サカモト 「宵の星」は『アーシャのアトリエ』と、チリヌルヲワカ、それぞれの良さが出ていると思います。チリヌルヲワカの魅力を挙げるとすればいくつもあるけど、一番のよさは歌詞カードを見なくてもどんなことを歌っているか、わかることだと思っています。そんな部分を聴いていただければ。
阿部 僕のようにゲームをやらない人も『アーシャのアトリエ』をプレイすれば、ゲームのやらず嫌いも直って、新たな体験ができるかなと思います。ライブに行ったことがない人はこれをきっかけに、僕らのライブを見たり、ほかのアーティストを聴いたりして、触れたことがない世界に触れてみてください。
中島 ゲームで自分の使っている曲が使われるなんて夢のようです。実は前からやってみたかったので、夢が叶ってうれしいです。また自分たちの音楽性の幅広さを確かめる意味でもいい挑戦ができました。今回、『アトリエ』シリーズで初めて私たちを知ってくれた方はライブに来たらビックリしちゃうかもしれません。良くも悪くも(笑)。「宵の星」が私達のすべてではないことを知っていただき、興味を持ってもらえたらと思います。ちょうど4月に2ndアルバム『あ可よろし』がリリースされたばかりなので、そちらを聴いたり、ライブに足を運んでみてください。

霜月はるか

【霜月はるか】
ボーカリストとしてさまざまなゲーム・アニメ作品の主題歌を担当するほか、作詞・作曲、ときに編曲やサウンドプロデュースも行うクリエイターとしての一面も持つ。ファンタジックな音楽・世界観が特徴。

――今回のオファーを受けた時の感想は?
霜月はるか(以下、霜月) 私自身『イリスのアトリエ』の三部作で『アトリエ』ファンの方にも認知していただいて、私の代表作にもなっているので、久しぶりに『アトリエ』シリーズに関らせていただけることはうれしかったです。
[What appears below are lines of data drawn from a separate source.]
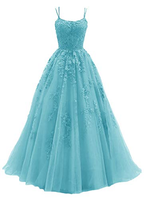 Blue Tulle Long A Line Formal Prom Dresses Lace Formal Evening Dresses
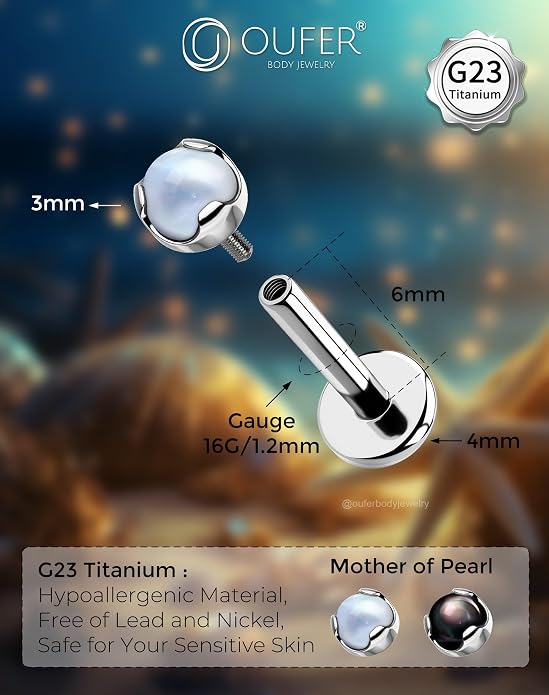 OUFER Cute Kitten Helix Piercing, Silver 16G Helix Earrings Flat Back Internally Threaded Helix Cartilage Piercing Jewelry for Women Men-8MM-6MM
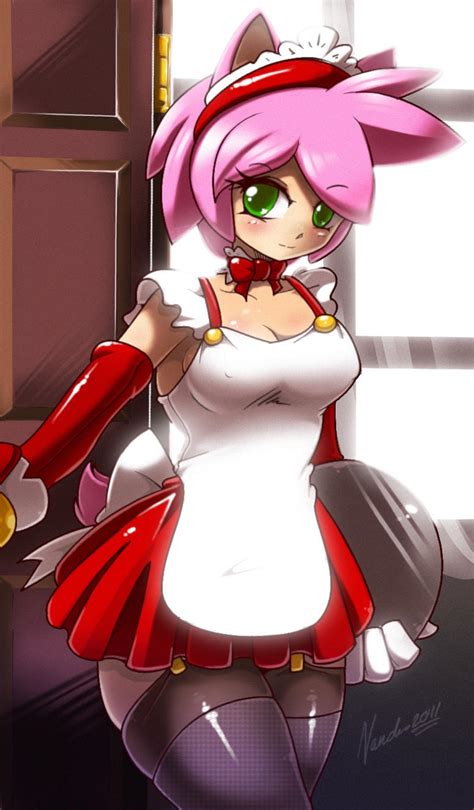 Amy Rose Maid By Nancher On Deviantart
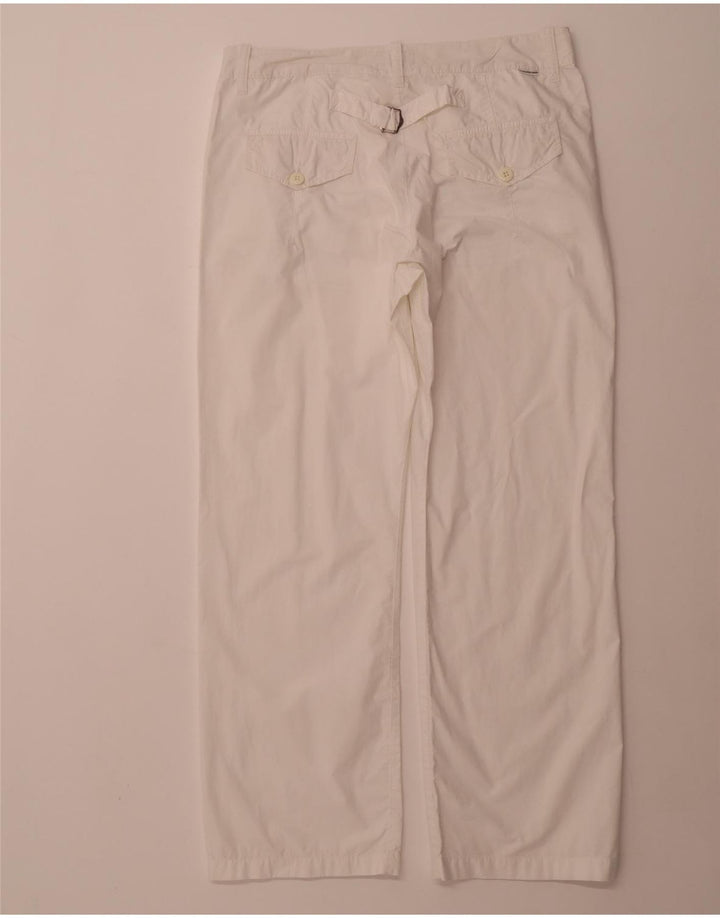 CALVIN KLEIN Pantalon décontracté droit femme W34 L30 Coton blanc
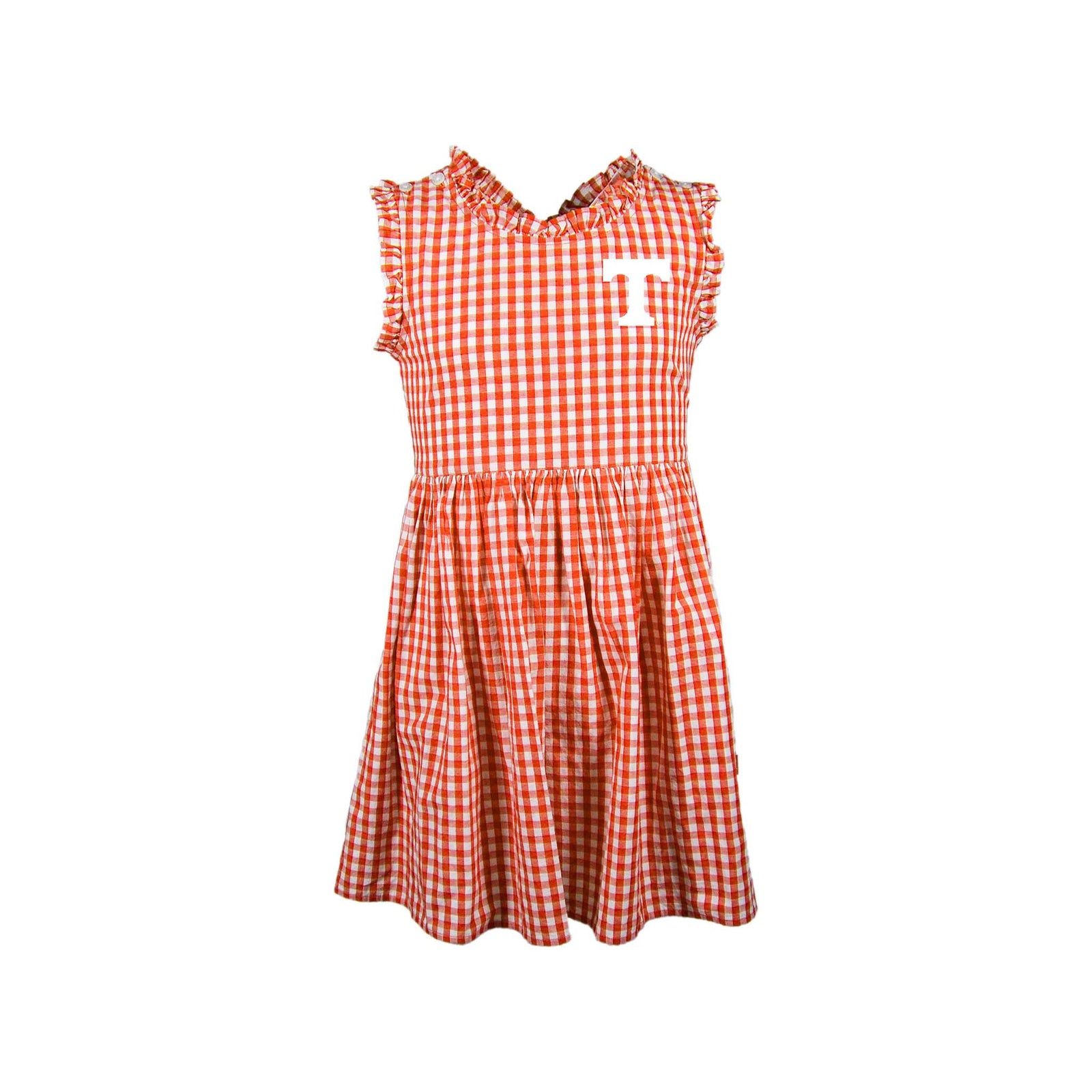Tennessee Volunteers girls' orange and white gingham dress with ruffled neckline and sleeves, featuring a white “T” logo on the chest.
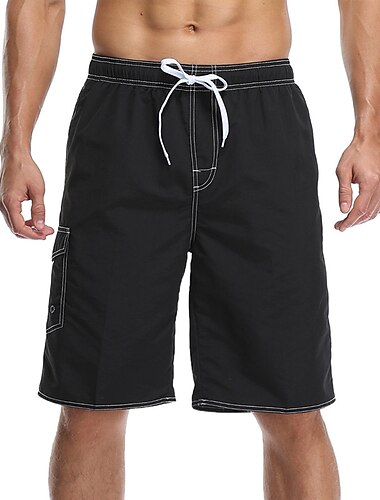  Herre Badedragt Surf shorts Badeshorts Bermuda shorts Lomme Snørelukning med mesh-for Helfarve Hurtigtørrende Korte Afslappet Ferie Strand Stilfuld Klassisk Stil Sort Navyblå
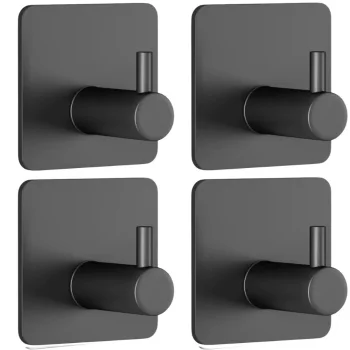 Self-Adhesive Hooks for Bathroom Wall 4 Pack, Metal Towel Hooks No Drilling, Black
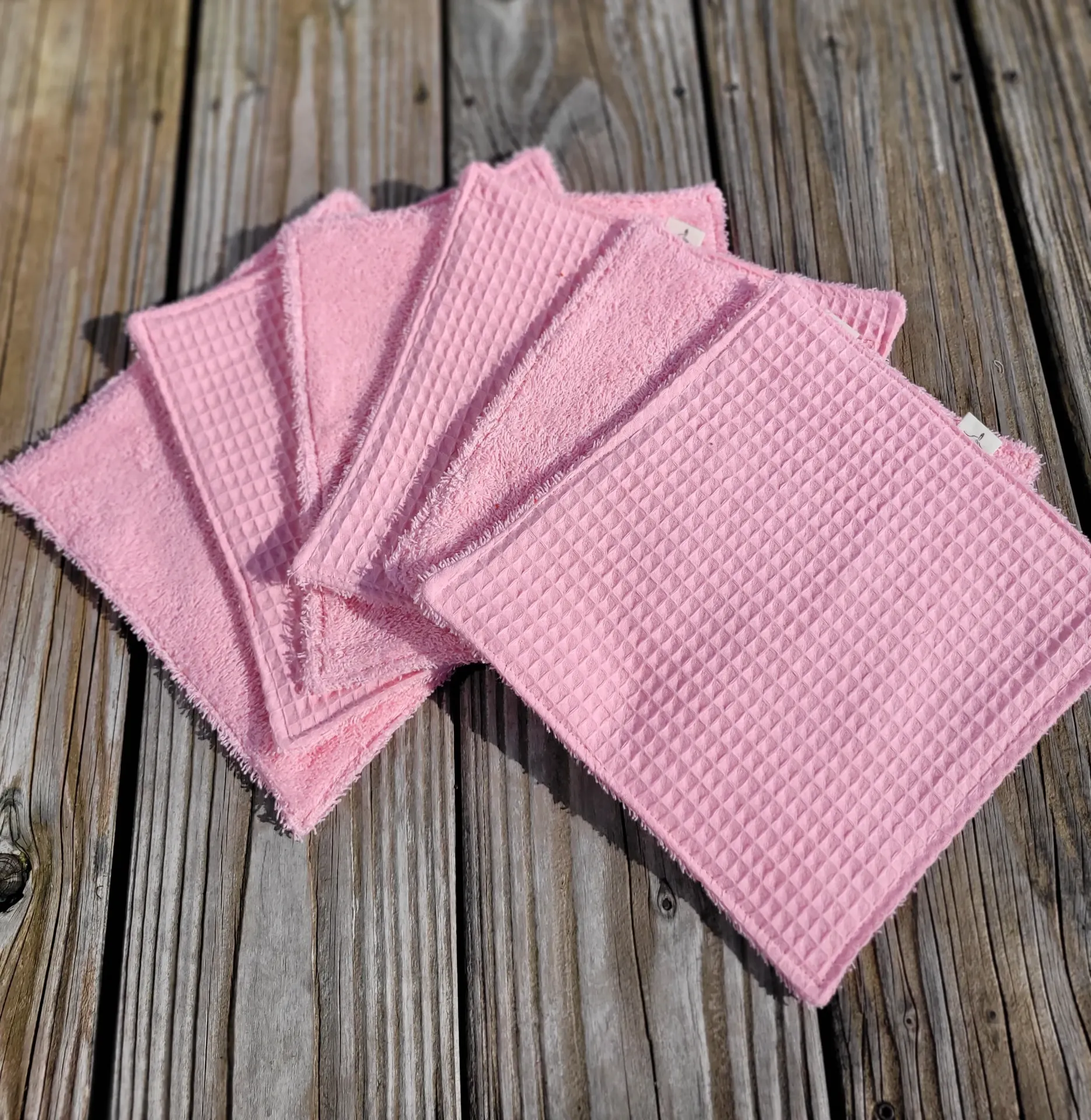 Essuie-Tout écologique Coton gaufré nid abeille et Eponge - Personnalisable (Ecru, Taupe)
しかもキャラクターデザインをされている左さんも以前、私のCDのジャケットを描いていただいたり、ご縁があって。また新しい『アトリエ』シリーズということで、どんな曲が来るのかなと楽しみにしてました。そしてフタを開けてみたら阿知波さんからまた違うタイプの2曲が来て。それ自体はいつものことと驚きはなかったんですが(笑)、どんなシーンで流れるのかなと楽しみでした。どちらの曲も阿知波さんの「こうしてほしい」というイメージが曲からあふれているので、私もイメージのブレなくやらせていただきました。

――それぞれの曲を初めて聴いた時の印象は?
霜月 「MARIA」はバトルの曲にしてはおとなしいなと思いました。荘厳で神聖なイメージが曲からも伝わってきて。ボス戦で流れるシーンは実際にプレーしたいという気持ちはあります。曲だけ聴いたら「ボス戦で流れるような曲じゃないかも」というイメージも湧くかもしれない曲で、ゲーム中に聴いてどんな印象になるのかはプレーしてこそ感じられるものだと思うので。「夢を織る家」はポップでかわいらしい曲で、『アトリエ』のひとつの側面や雰囲気、世界観を表しています。だからアトリエテーマなのかな。いままでのシリーズの曲と共通するイメージに合ったものだったので、つかみやすかったし、自分の中のどういうものを出せばいいのかも自然とわかりました。

――詞の世界観に関しての印象は?
霜月 「MARIA」は造語が使われているので、歌詞の意味を伝えるというよりは全体的な雰囲気やイメージを伝えるつもりで、コーラスの発音や発声している感じでした。「夢を織る家」は逆にわかりやすくて、詞を読んだら、そのままにしか聴こえないくらい(笑)。情景も想像しやすかったし、曲との雰囲気のマッチングもピッタリでした。あとは女の子らしさが出るように意識して歌いました。

――レコーディングをしてみての感想は? 
霜月 阿知波さんだけでなく、エンジニアも勝手知ったるDaniさんとやり慣れたメンバーだったので、やりやすかったです。「MARIA」は、多重録音は聖歌っぽいコーラスなのかなと思ってテストテイクでやってみたら、「そういう感じです」と。多重録音は実際に重ねてみないとわからない部分があるんですが、作っていく中で段々とイメージが固まって、重ね終わった後は達成感がありました。「夢を織る家」ではおもしろかったのがコーラスで、デモの時点では歌詞がなくて、「ラララでやるのかな?」と思っていたら、直前に歌詞が付いて。「これはどんなイメージなんですか?」と聞いたら、「ベタベタな感じで」と(笑)。懐かしさもありつつ、ジャパニーズポップス的な雰囲気を作るというやり取りを現場でしました。

――それぞれの曲の聴きどころは?
霜月 「MARIA」は歌というか音楽として聴いてほしいです。歌とインストで分けてしまいがちですが、そんなカテゴライズは必要ないと思っていて。私の歌声もDaniさんのギターやベースも音楽を構成する要素であり、こういう音楽なんだと思って聴いてください。そしてできるなら、ゲームをプレーしてこの曲が流れるボス戦を体験してください。「夢を織る家」は思わず、頬がほころんだり、テンションが上がる曲です。詞も曲も気持ちが軽くなるので、気分転換に気軽に聴けるのでオススメです。ゲーム中にこの曲が流れる時にちょっとした仕掛けがありますのでそこもお楽しみに。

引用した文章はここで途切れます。